Acknowledgments. The authors thank Brian Berkey, PhD, and Rajeev Venkayya, MD, for helpful comments.

Financial support: N. E.’s work is funded by National Science Foundation (grant 2039320), Wellcome Trust (208766/Z/17/Z), NIH/NIAID (AI114617-01A1), and Open Philanthropy. M. L.’s work is funded by Morris-Singer Fund and Open Philanthropy Project (no specific award numbers assigned).

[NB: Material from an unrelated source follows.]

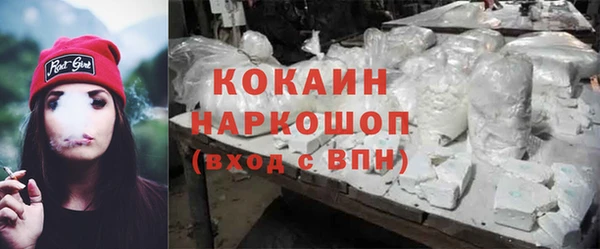 гидра Михайловск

Potential conflicts of interest. N. E. declares having no financial conflicts of interest. He is on the board of One Day Sooner, a role for which he is not paid. M. L. discloses honoraria/consulting from Merck, Affinivax, Sanofi-Pasteur, Bristol Myers-Squibb, and Antigen Discovery; research funding (institutional) from Pfizer, an unpaid scientific advice to Janssen, Pfizer, Astra-Zeneca, One Day Sooner, and Covaxx (United Biomedical), and grants from National Institutes of Health (US), National Institute for Health Research (UK), Wellcome, and Centers for Disease Control and Prevention (US), outside the submitted work. Both authors have submitted the ICMJE Form for Disclosure of Potential Conflicts of Interest. Conflicts that the editors consider relevant to the content of the manuscript have been disclosed.